Background Research on Lev Manovich’s Soft Cinema

At the end of my MA, one of the avenues I wanted to explore for further work was to use algorithm to relinquish control on the editing of a piece of video art.

Last month I took part in onedotzero cascade and my team decided to explore narrative in a visual way (I’ll blog more about cascade and this project in a subsequent post). Because Lev Manovich’s Soft Cinema was relevant to our project, I did a bit of background research on it to present to my team.

http://en.wikipedia.org/wiki/Database_cinema

Manovich opposes narative and database in his theoretical writings. However, he cites Peter Greenaway as an example of database cinema (soft cinema). Yet, Greenaway does not do away with narrative, rather he experiments with non-linear forms of narrative, in the tradition of modernist literature.

http://www.softcinema.net/?reload

Soft Cinema as a software edits movies in real time by selecting multimedia elements from a database based on rules defined by the authors.

http://www.softcinema.net/form.htm

SOFT CINEMA explores 4 ideas:

1. “Algorithmic Cinema.”
Using a script and a system of rules defined by the authors, the software controls the screen layout, the number of windows and their content. The authors can choose to exercise minimal control leaving most choices to the software; alternatively they can specify exactly what the viewer will see in a particular moment in time. Regardless, since the actual editing is performed in real time by the program, the movies can run infinitely without ever exactly repeating the same edits.

2. “Macro-cinema.” If a computer user employs windows of different proportions and sizes, why not adopt the similar aesthetics for cinema?

3. “Multimedia cinema.” In Soft Cinema, video is used as only one type of representation among others: 2D animation, motion graphics, 3D scenes, diagrams, maps, etc.

4. “Database Cinema.” The media elements are selected from a large database to construct a potentially unlimited number of different narrative films, or different versions of the same film. We also approach database as a new representational form in its own right. Accordingly, we investigate different ways to visualise Soft Cinema databases.

I’m not too interested in ‘2 – Macros cinema’ because I like the traditional aesthetics of one frame.

I’m interested in ‘3 – multimedia cinema’ because it offers the possibility to mix video clips with sound and/or music from a different source, or superimpose a still image on a video, but not in the way Manovich does it: ‘While some music videos and artist videos already mix some of these different types of imagery in one work, Soft Cinema assigns each type of imagery to a separate window in order to dramatize the new status of “normal” video, photographic and film image today – no longer the dominant but just one source of visual information about reality among many others.’ Apparently, Soft cinema keeps the different media in separate windows, therefore not creating a real multimedia final product. I would rather find a way to mix the contents together like it is done in some video clips.

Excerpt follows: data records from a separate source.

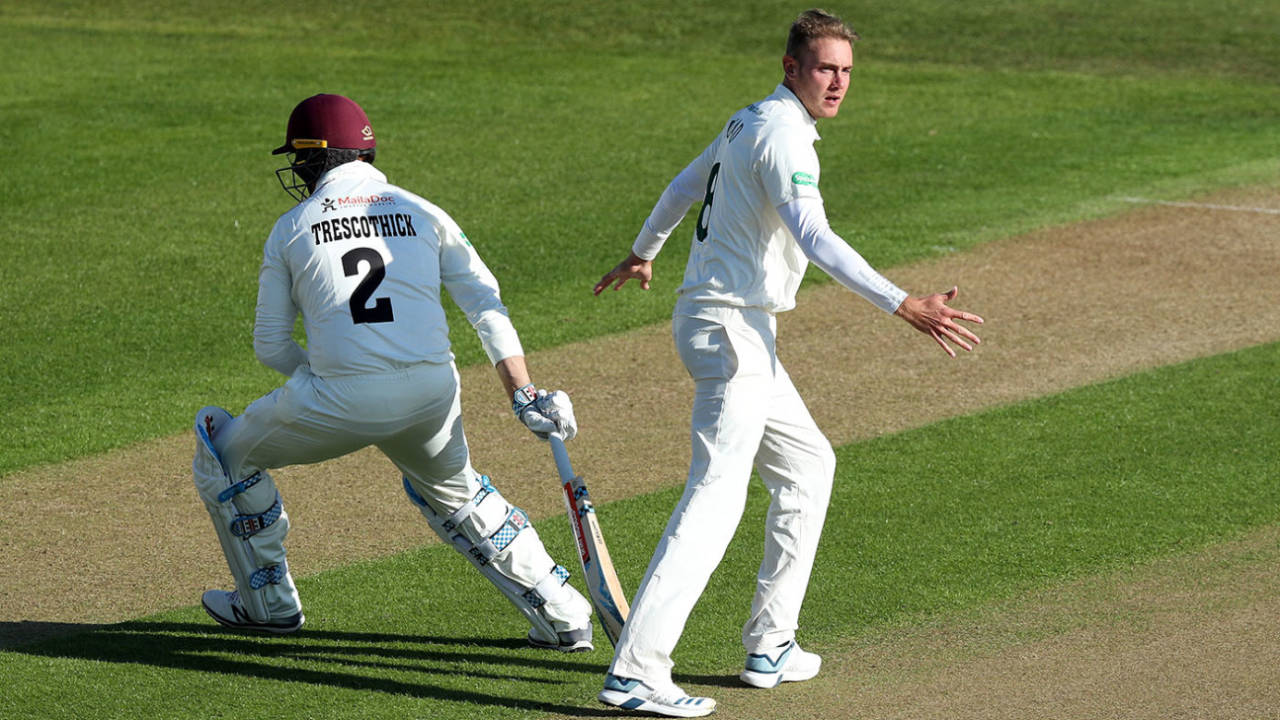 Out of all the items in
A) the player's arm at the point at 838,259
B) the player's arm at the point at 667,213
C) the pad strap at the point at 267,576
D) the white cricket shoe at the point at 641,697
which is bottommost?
the pad strap at the point at 267,576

What I’m really interested in is ‘1 – algorithmic cinema’ (4 – database cinema cannot in my opinion really be considered as a separate concept, because the database is only the collection of multimedia raw material the algorithm will choose from. The database itself does nothing but hold a collection of content.)

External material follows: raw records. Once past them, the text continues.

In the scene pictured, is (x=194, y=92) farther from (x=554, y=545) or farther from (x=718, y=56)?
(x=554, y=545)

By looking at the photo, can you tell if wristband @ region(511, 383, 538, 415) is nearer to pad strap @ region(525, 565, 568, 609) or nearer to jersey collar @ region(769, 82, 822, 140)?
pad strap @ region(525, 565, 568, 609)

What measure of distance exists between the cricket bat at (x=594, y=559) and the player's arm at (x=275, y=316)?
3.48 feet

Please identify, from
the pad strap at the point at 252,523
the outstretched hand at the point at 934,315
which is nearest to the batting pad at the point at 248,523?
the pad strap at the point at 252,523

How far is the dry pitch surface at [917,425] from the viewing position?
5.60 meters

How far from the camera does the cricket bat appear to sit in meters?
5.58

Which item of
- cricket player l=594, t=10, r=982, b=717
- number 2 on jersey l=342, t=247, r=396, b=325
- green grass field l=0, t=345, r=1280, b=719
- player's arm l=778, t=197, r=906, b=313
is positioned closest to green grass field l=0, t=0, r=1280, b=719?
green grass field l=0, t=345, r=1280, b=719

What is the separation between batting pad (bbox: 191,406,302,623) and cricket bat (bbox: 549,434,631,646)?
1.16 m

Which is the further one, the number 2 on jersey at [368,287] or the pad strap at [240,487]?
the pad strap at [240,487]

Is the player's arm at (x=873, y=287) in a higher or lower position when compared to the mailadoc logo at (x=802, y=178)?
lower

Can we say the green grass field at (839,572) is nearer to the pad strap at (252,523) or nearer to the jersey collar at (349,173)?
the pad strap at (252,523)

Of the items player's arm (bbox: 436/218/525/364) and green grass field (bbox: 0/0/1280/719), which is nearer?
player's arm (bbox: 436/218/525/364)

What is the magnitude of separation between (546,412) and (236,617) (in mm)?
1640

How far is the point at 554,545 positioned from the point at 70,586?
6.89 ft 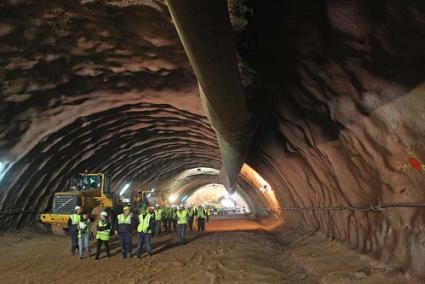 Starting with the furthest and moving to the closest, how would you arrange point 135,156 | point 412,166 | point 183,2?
1. point 135,156
2. point 412,166
3. point 183,2

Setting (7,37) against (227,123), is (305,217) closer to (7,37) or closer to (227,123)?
(227,123)

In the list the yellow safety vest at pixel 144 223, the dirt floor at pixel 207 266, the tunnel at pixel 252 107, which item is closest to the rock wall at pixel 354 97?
the tunnel at pixel 252 107

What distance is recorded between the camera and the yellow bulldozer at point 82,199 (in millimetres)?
16203

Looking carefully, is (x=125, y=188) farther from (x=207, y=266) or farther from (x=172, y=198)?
(x=172, y=198)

The Soft cinema website explains how ‘algorithmic editing of media materials’ works:
‘Each video clip used in Soft Cinema is assigned certain keywords that describe both the “content” of a clip (geographical location, presence of people in the scene, etc.), and to its “formal” properties (i.e., dominant color, dominant line orientation, contrast, camera movement). Some of the keywords are automatically generated by an image-processing software (written in VideoScript), while others are input by hand. The program (written in LINGO) assembles the video track by selecting clips one after another using a system of rules (i.e. an algorithm). Different systems of rules are possible. For instance, one system selects clips closest in color, or type of motion to a previous one; another matches the previous clip in content and partially in color, replacing only every other clip to create a kind of parallel montage sequence, and on and on.

The current version of Soft Cinema software allows the author to define such a particular system of rules, which it then uses to compile a sequence of video clips that best satisfy these rules. However, it is also possible to create other versions of the software that would give the author tighter control over the sequencing. For instance, one version may involve a video track completely edited by the author beforehand. Some shots could be designated as “replaceable” while others would remain unmodified (to keep narrative continuity.) Another version may contain a variable set by the author, which tells the program the probability of any shot being replaced. In summary, instead of posing complete randomness against the complete control of a human author, Soft Cinema investigates a different paradigm: using a computer as an “association machine” that complements / reacts to images selected by the user with other images.’